Why can’t I query the latest updated data in the Iceberg Catalog (even after refresh or catalog rebuild), and how should I troubleshoot this?​
First check whether the issue is caused by Data Cache being enabled. Follow these steps to verify:
-
Compare the scanned data files between StarRocks and Spark:
- In StarRocks:
select file_path, spec_id from db.table_name$files; - In Spark:
select file_path, spec_id from db.table_name.files;
- In StarRocks:
-
If the results are consistent, continue troubleshooting by disabling Data Cache and querying again to see whether the issue persists.

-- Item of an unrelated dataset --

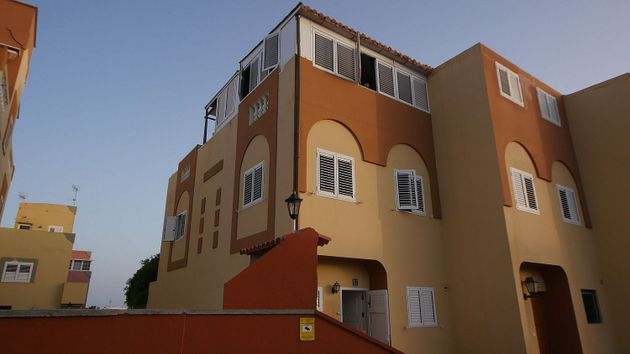 Foto 2 de Casa en venda a urbanización La Alborada de 4 habitacions amb terrassa i jardí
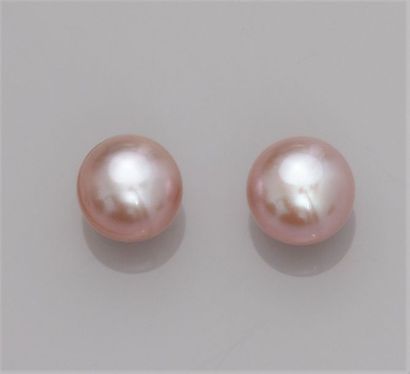   Paire de puces en or jaune 750°/00 chacune est sertie d 'une perle de culture rose...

Root cause: To update the Iceberg table data is to overwrite old files, which corrupts Iceberg’s historical data. The correct behavior is to generate new file names when writing updates. StarRocks Data Cache uses the file name, file size, and modification time to determine whether cached data is valid. Since Iceberg does not overwrite files and the modification time is always 0, StarRocks incorrectly treats the files as unchanged and reads from cache, resulting in outdated query results.